Section 11933, Revised Codes of 1921, requires the clerk of[1, 2] the district court to keep a calendar of all criminal actions, enumerated according to the date of the filing of the information. Section 11934 provides that the calendar must be disposed of in the order therein named, "unless for good cause the court shall direct an action to be tried out of its order." Section 11940 provides: "If the case is not postponed, it must be set down for trial on some certain day, in the order in which it appears on the calendar, unless by consent it is set down for trial out of its order." Counsel contends that this case appeared on the calendar before the Griffin Case; that it was not postponed, nor was there any good cause shown why it should be set out of order.

Clearly, the sections above referred to are directory only, and do not prescribe a hard-and-fast rule which the court must follow in the disposal of the cases on the trial calendar. In the orderly transaction of its business, the court has authority *370 and power to control its own docket and the order in which it may try cases. (Merchants' National Bank v. Greenhood, 16 Mont. 395,41 P. 250.) A different rule would result in confusion, delay, and a condition of chaos rendering the speedy and orderly administration of justice impossible.

No showing was made by defendant in support of the objection that he would be prejudiced or that a fair and impartial jury could not be obtained, and we cannot say, as a matter of law, that the court erred in its ruling. In passing upon the question the court was called upon to exercise a sound legal discretion, and, in the absence of a clear showing of abuse thereof, this court will not interfere. Error will not be presumed. (State v.Mott, 29 Mont. 292, 74 P. 728; Swain v. McMillan,30 Mont. 433, 76 P. 943.) There is not anything in the record to indicate that defendant was prejudiced by the court's ruling, and a careful review of the evidence convinces us that no fair and impartial jury could have reached a conclusion different from the one reached by the jury which tried the case.

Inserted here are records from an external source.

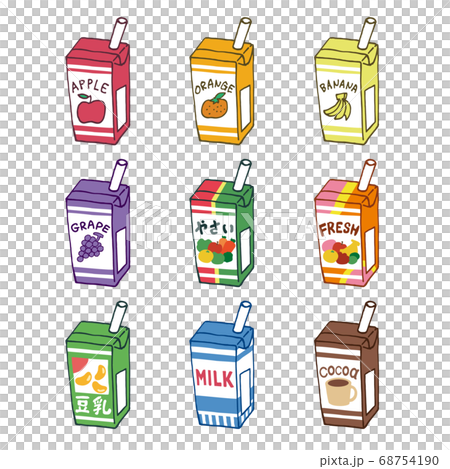 Various types of paper pack juice 68754190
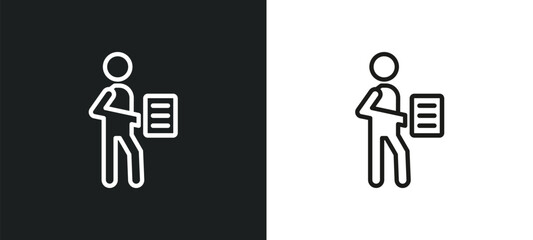 Poster - single file outline icon in white and black colors. single file flat vector icon from humans collection for web, mobile apps and ui.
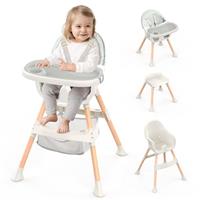 Highchairs Baby High Chair, Convertible 4-in-1 High Chair Portable High Chairs for Babies and Toddlers Baby Chair with Ajustable Height, Footrest, Removable Tray, from 6 Months to 3 Years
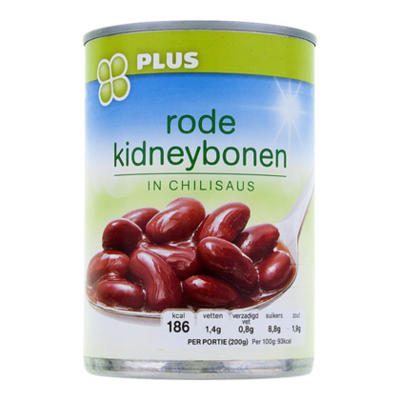 Huismerk Rode kidneybonen in chilisaus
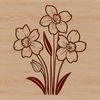 Beautiful Spring Blooms SVG Icon Close-up of a single daffodil plant with trumpet-shaped flowers.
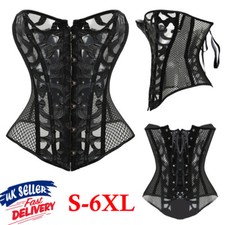 Steel Boned Lace Up Overbust Corset Top Bustier Waist Cinchers Training Shaper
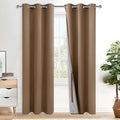 XWZO 100% Blackout Curtain Panels - Thermal Insulated Black Liner Curtains, Noise Reducing and Heat Blocking Drapes for Hall and Studio Windows with Tiebacks, Cappuccino, W42 x L84, Set of 2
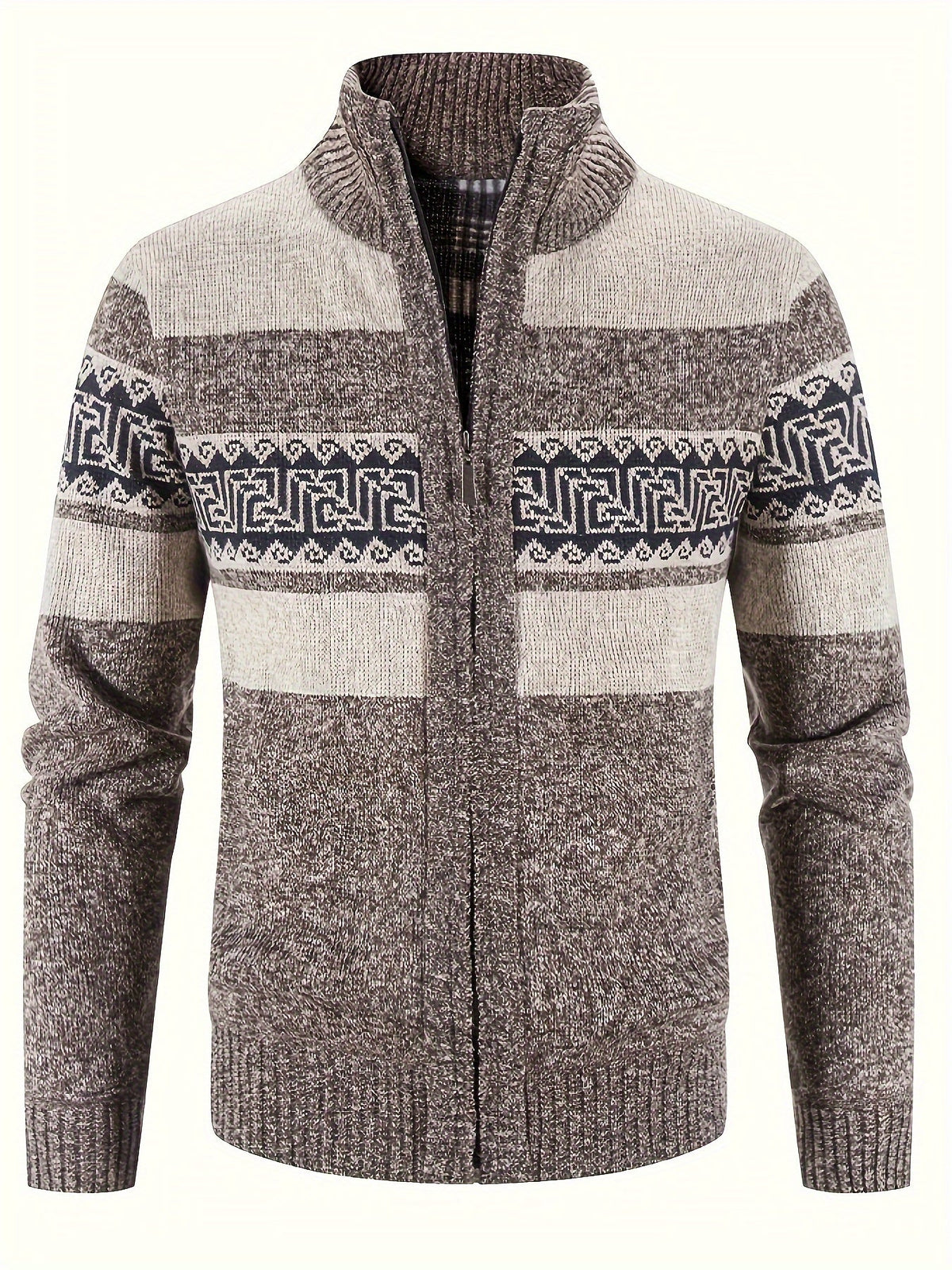 Women's Lined Zip-Front Knit Cardigan with Stand Collar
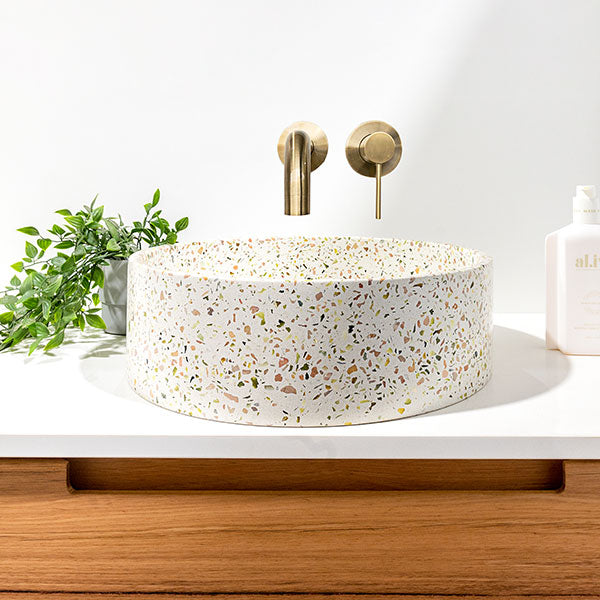 Eight Quarters Terrazzo 390mm Circle Above Counter Basin - Siena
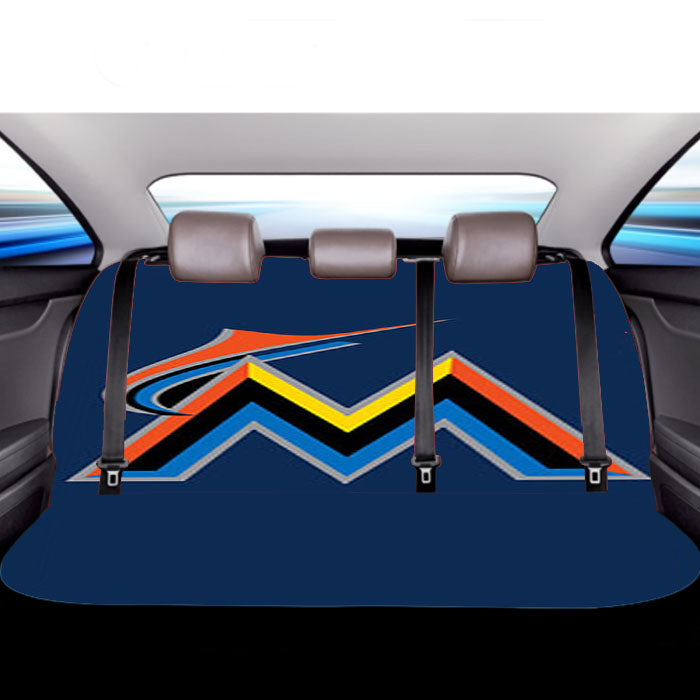 Miami Marlins Baseball Logo Blue Car Back Rear Seat Covers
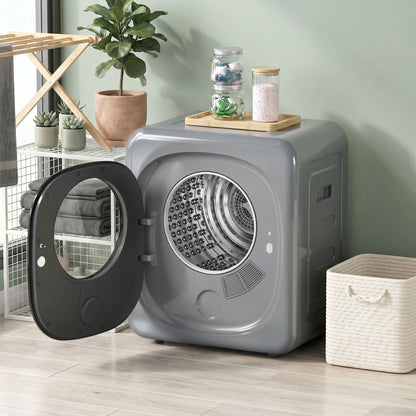 HOMCOM 4kg Vented Tumble Dryer with 5 Drying Mode, 800W Compact Freestanding Front Tumble Dryer, Silver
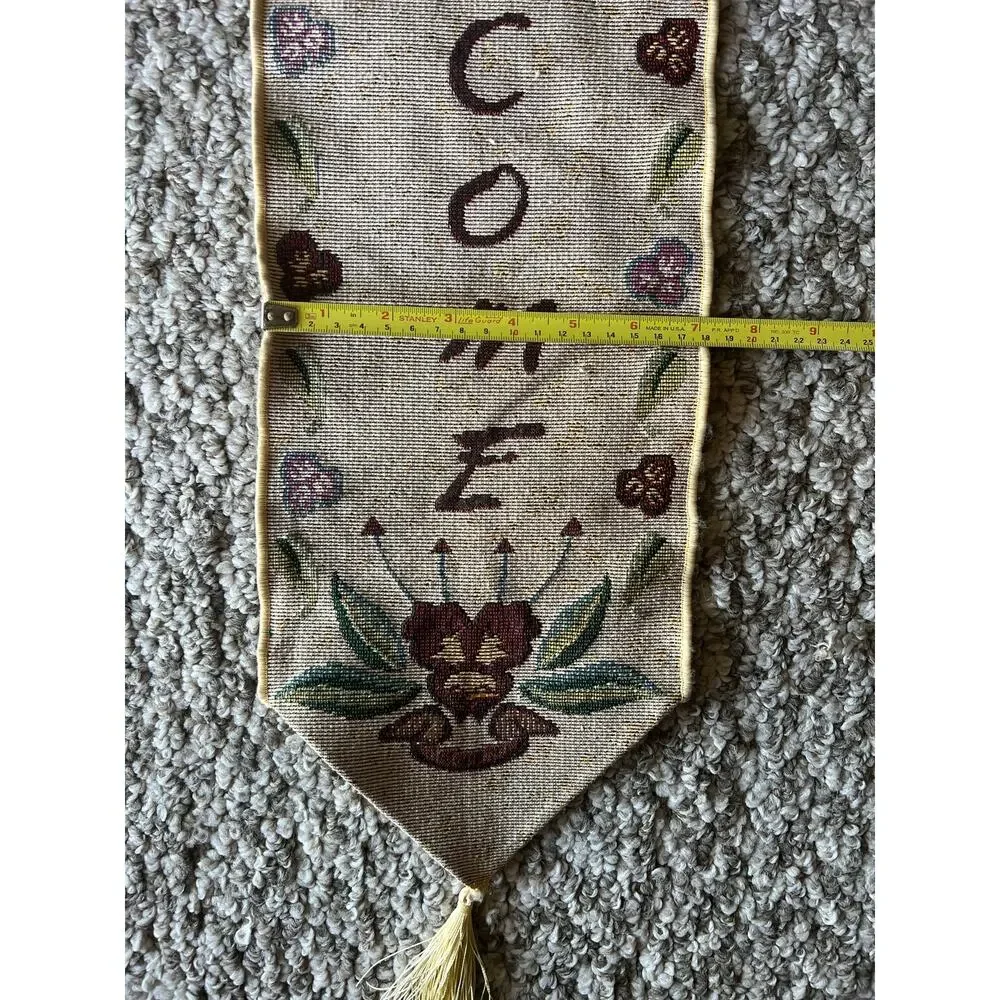 Vintage Brass Tapestry Hanger Woven Welcome Wool Floral Wall Hanging Pink Tassel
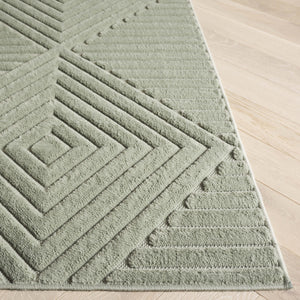 Safavieh Selena Low-Profile Green Runner Rug — Minimalist Geometric Modern, Durable Power-Loomed Turkish Construction 2'-2" x 6'-0" SLE684Y-26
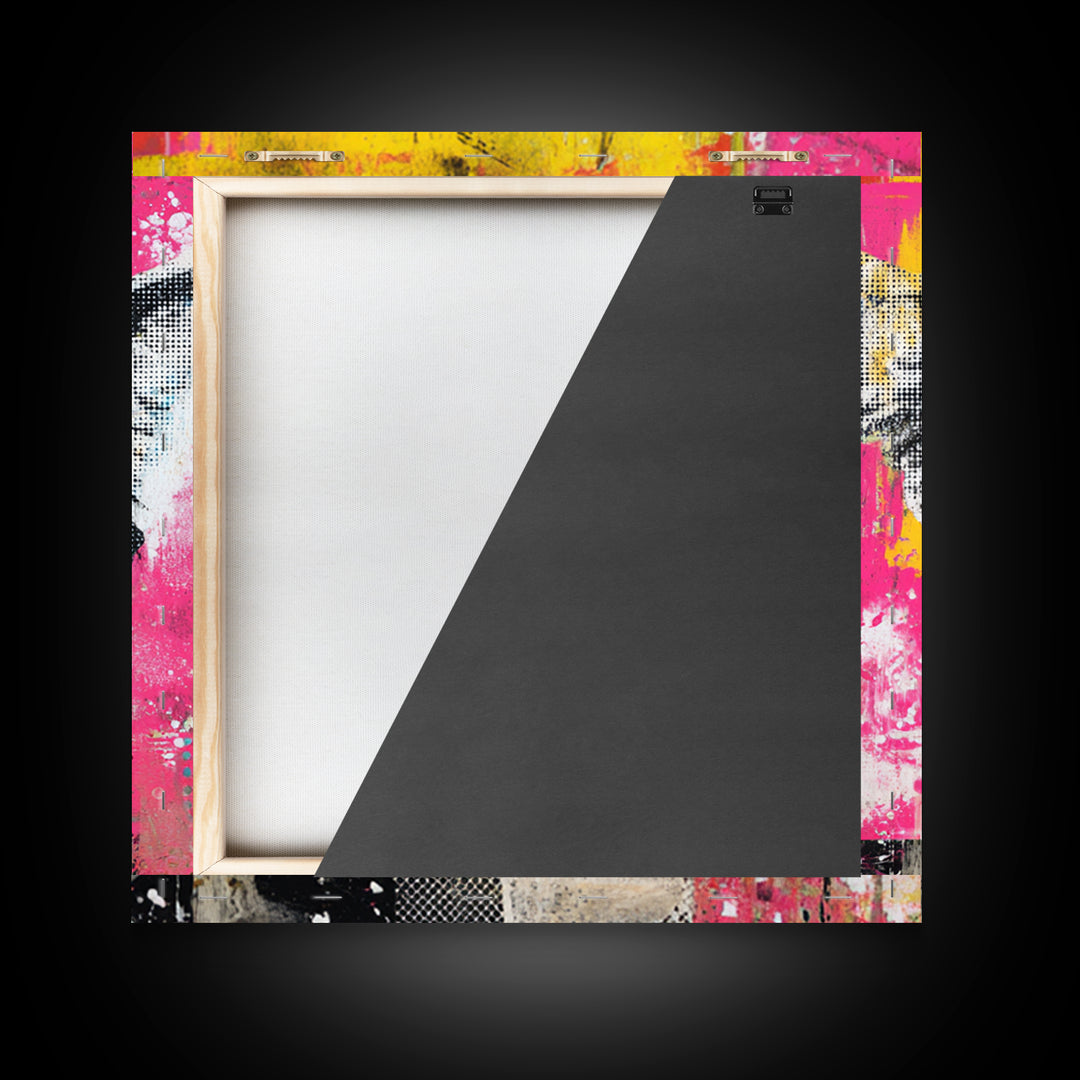 Spray Painted Angel Wings Framed Canvas Print, Graffiti Art, Mid Century Modern, Living Room Decor, Fine Art, Street, GRF-1x1-56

Error is predicated upon the denial of defendant's motion to[3] withdraw from the consideration of the jury the testimony of the witness Charles Rogers. The witness testified to a conversation had with the defendant on or about the 15th of November, 1927, in which defendant said if he met Tom Gabel that he (defendant) would kill him. Considered in connection with other testimony in the case, and the fact that Gabel had made a statement to the county attorney on November 9 implicating defendant, that defendant had been arrested on the charge of larceny of the Johnson cattle, that Gabel was the principal witness for the state, and that defendant knew Gabel was in possession of facts which would establish defendant's guilt, we think the testimony was competent; the weight to be given it, under the circumstances, was for the jury to determine.

Complaint is made that the court erred in refusing to have a[4] portion of the record read at the request of counsel. The contention is without merit. The request related to a *371 matter of little importance, and was an appeal to the discretion of the court.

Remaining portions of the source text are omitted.